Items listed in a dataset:
------------------------------------------------------------------------

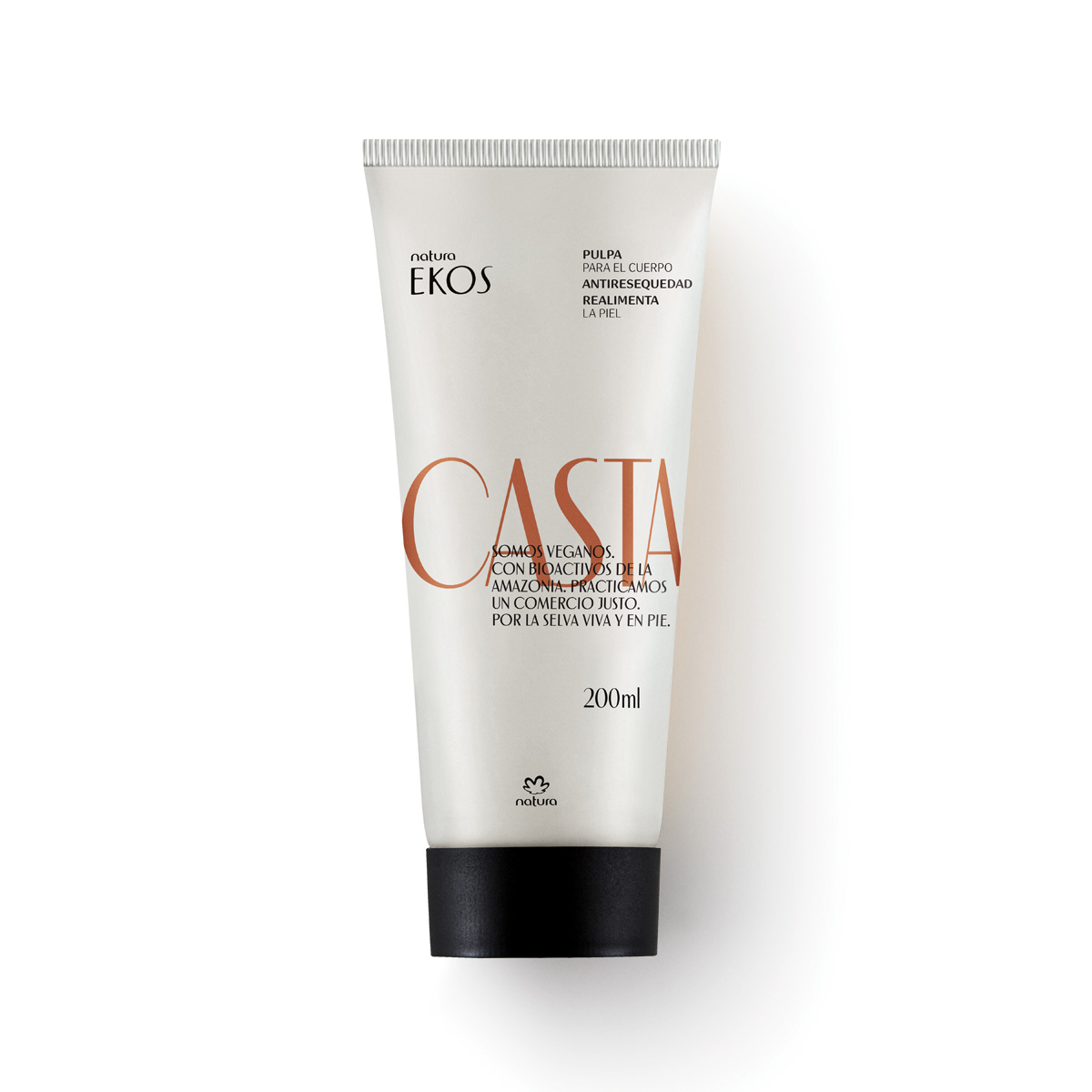 Pulpa Hidratante para el Cuerpo Ekos Castaña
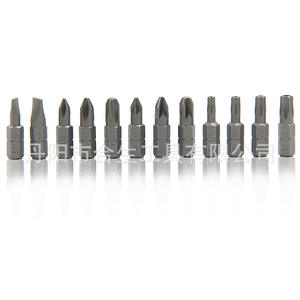 S2 Steel Screwdriver <b>Bits</b> Set 1/4 In Phillips Flathead <b>Torx</b> For Hand Tools - Product Image 5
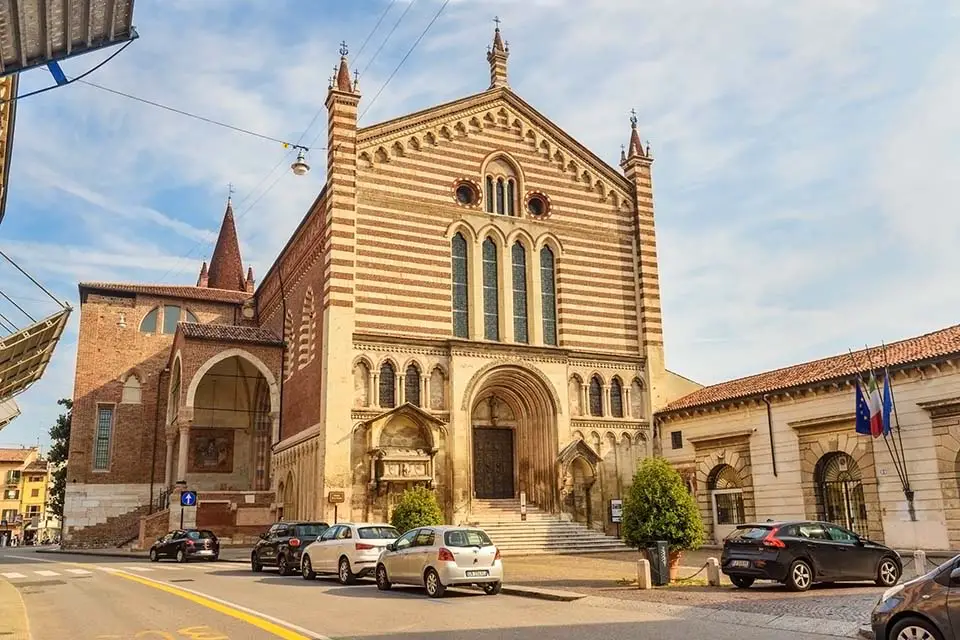 Church San Fermo Maggiore in Verona. Best Photography Spots in Verona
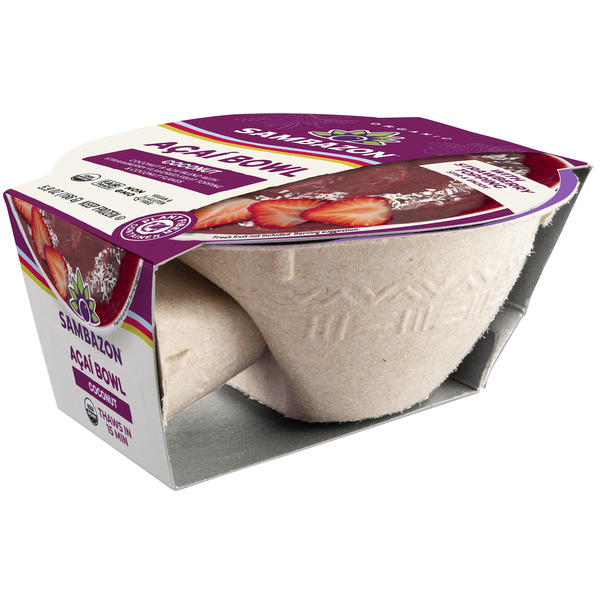 Sambazon Coconut Frozen Açaí Bowl - Image 2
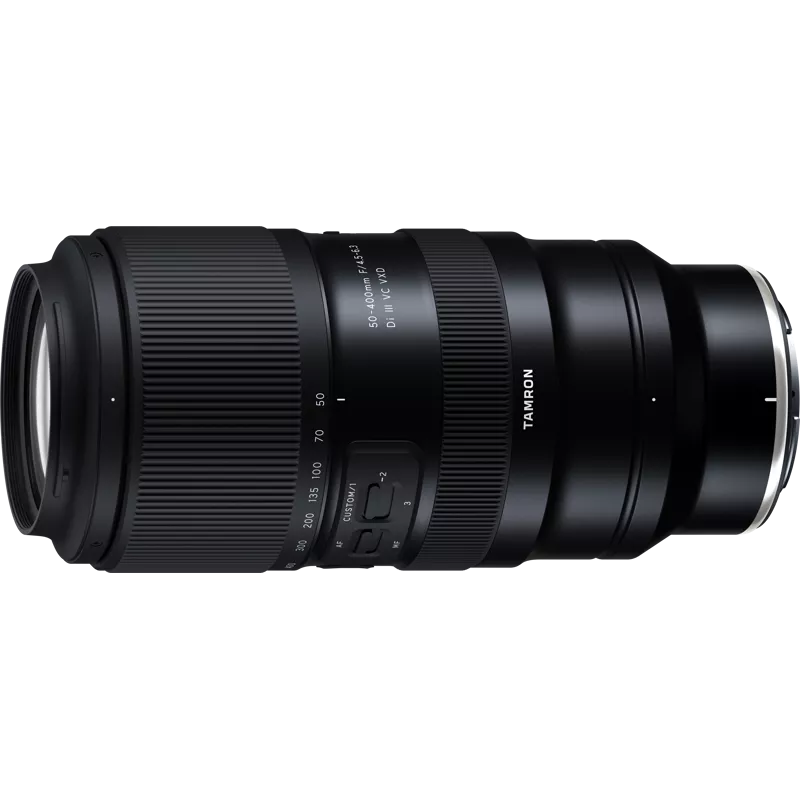 Tamron 50-400mm F/4,5-6,3 Di III VC VXD for Nikon Z (Full Frame & APS-C)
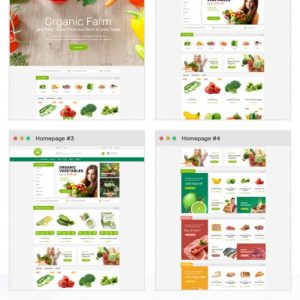 Greenfarm – Organic Theme for WooCommerce WordPress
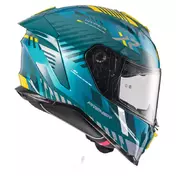 Premier Hyper 22.06 Xr 21 Мотошлем Blue Синий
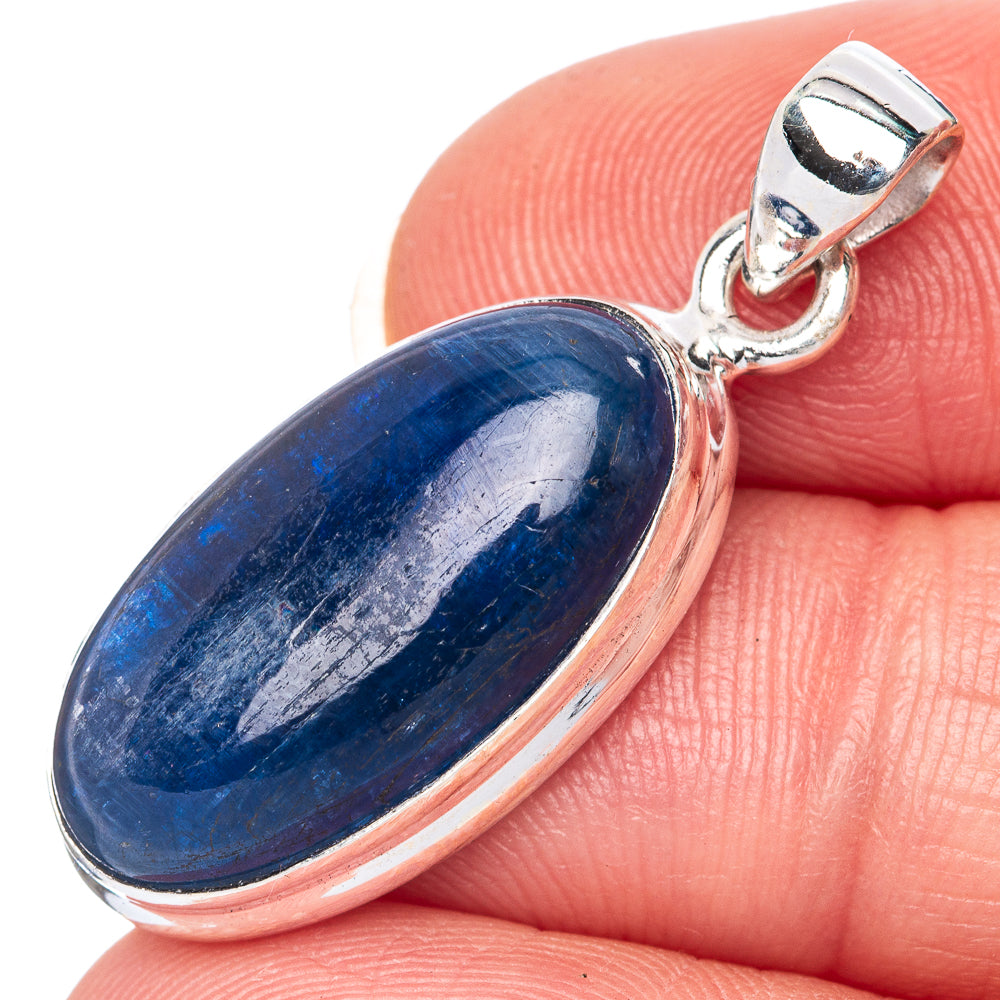 Kyanite Pendant 1 3/8" (925 Sterling Silver) P41360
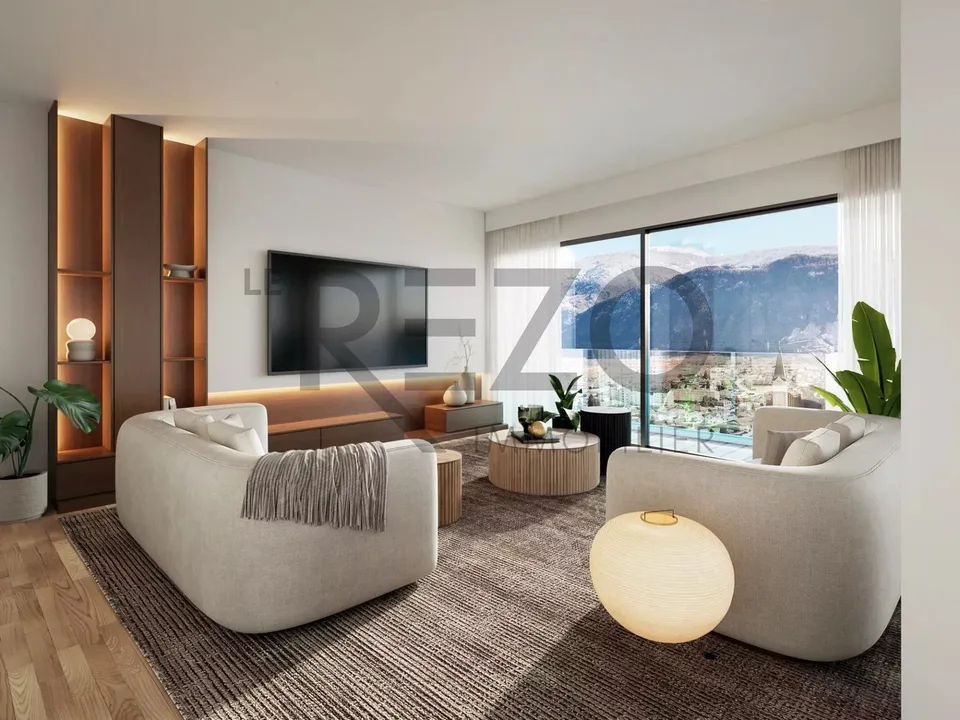 Schönste Lage im Dorf - Attika 3.5 Zimmer - Saint-Léonard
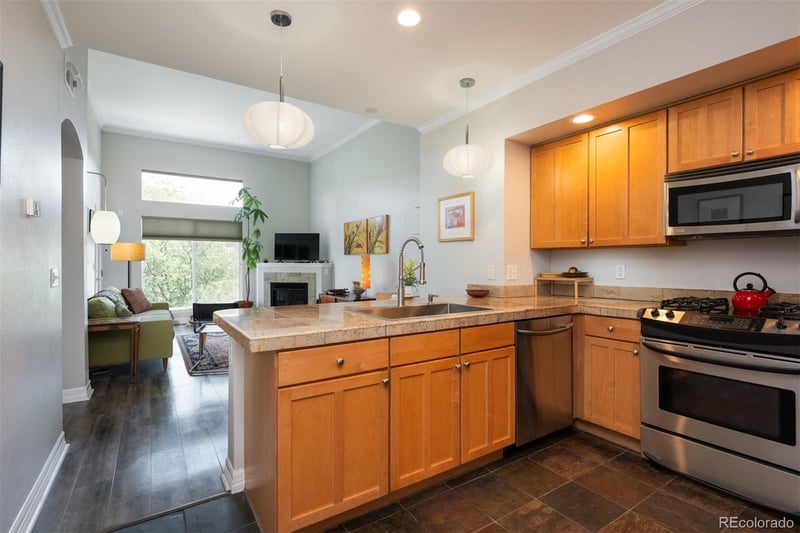 1705 Gaylord St #307, Denver, CO 80206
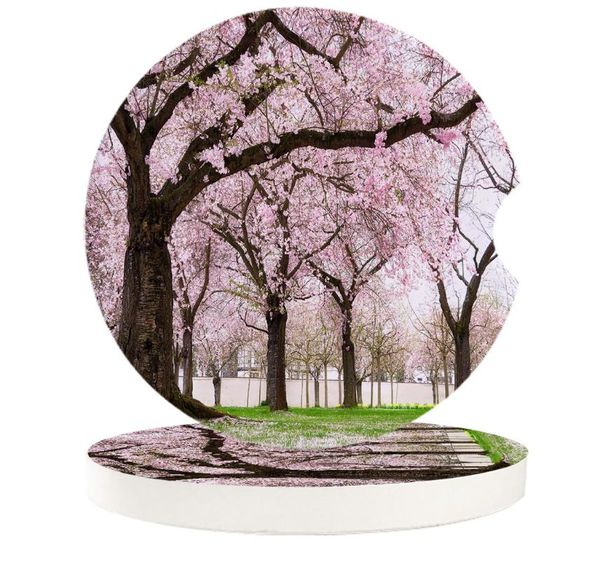 table runner car cup mat ceramics mug set cherry trees spring blooming landscape teacup pad for home decor accessories
table runner car cup mat ceramics mug set cherry trees spring blooming landscape teacup pad for home decor accessories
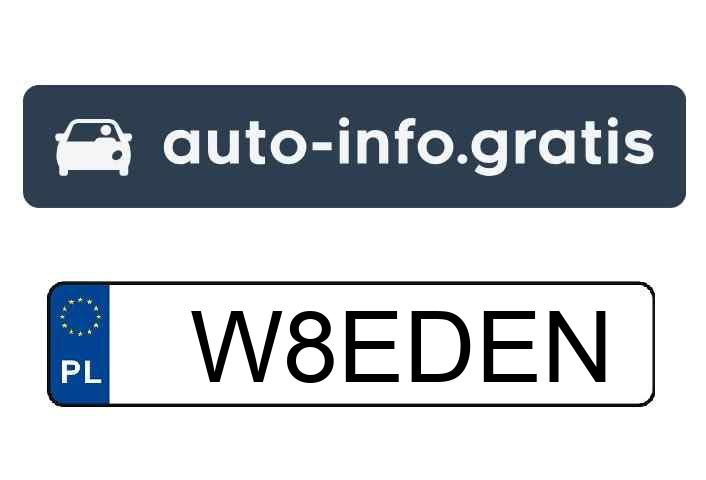 Mistrz parkowania w pojeździe o numerach W8EDEN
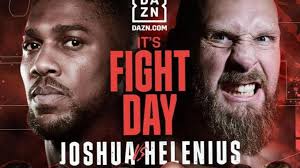 Anthony Joshua vs Robert Helenius live streaming: How to watch event in  India, UK and US?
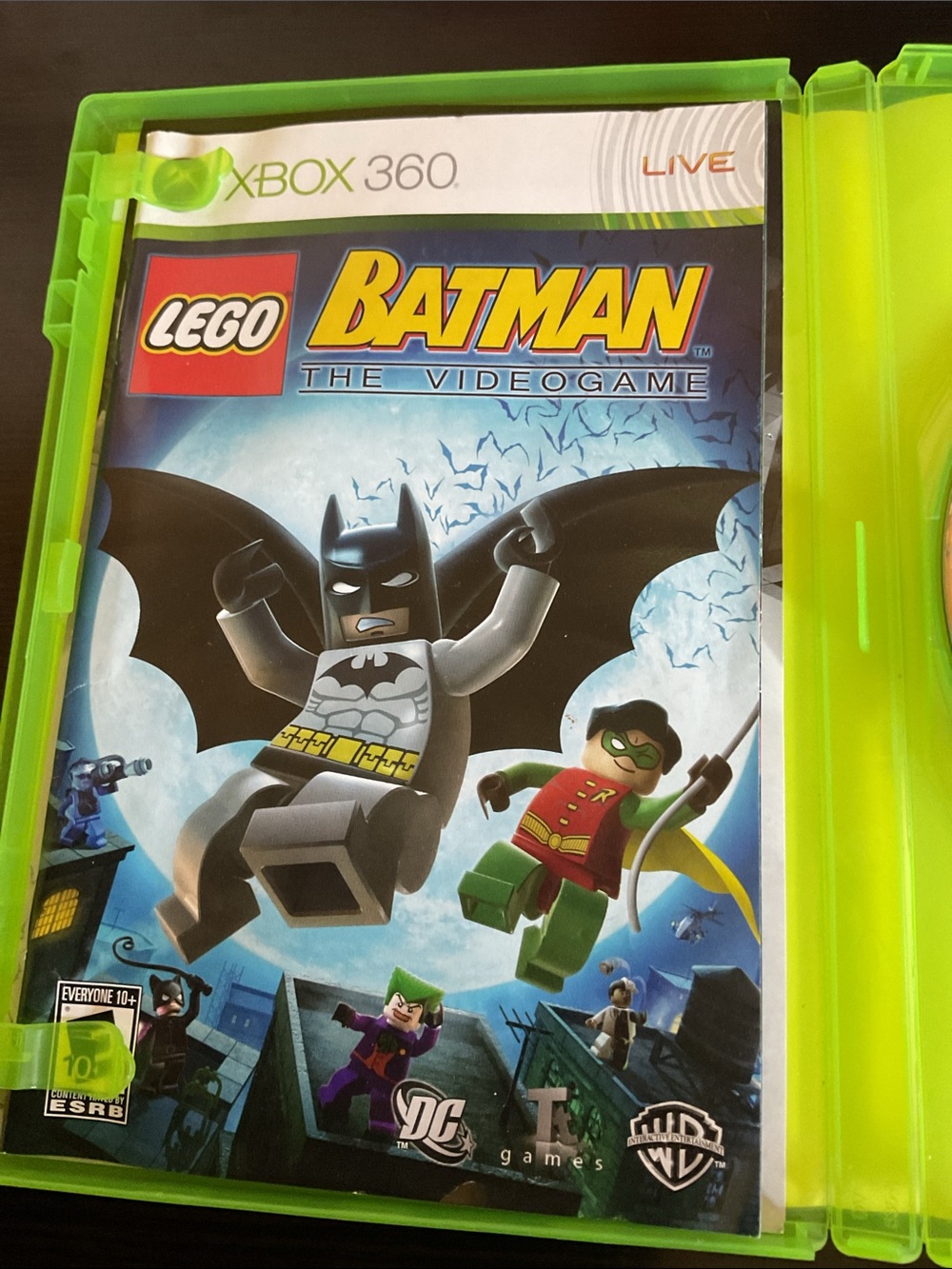 LEGO Batman: The Videogame - Xbox 360 (Green Case) - Picture 4 of 6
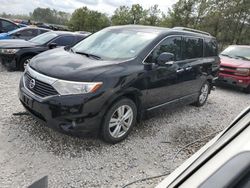 Salvage cars for sale at Houston, TX auction: 2015 Nissan Quest S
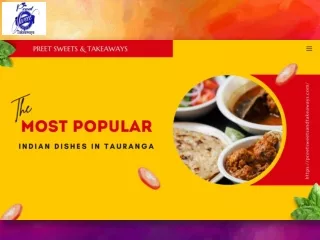 The Most Popular Indian Dishes in Tauranga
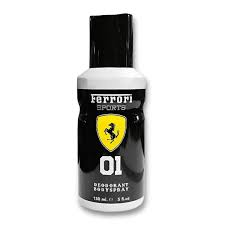 FERRARI 01 BODY SPRAY 150ML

------------------------------------------------------------------------

Retype the lines from the one containing "The Most Popular Indian Dishes in Tauranga" down to the last line of the records, both included, exactly and nothing more. Pictures stay out.

 The Most Popular Indian Dishes in Tauranga
 FERRARI 01 BODY SPRAY 150ML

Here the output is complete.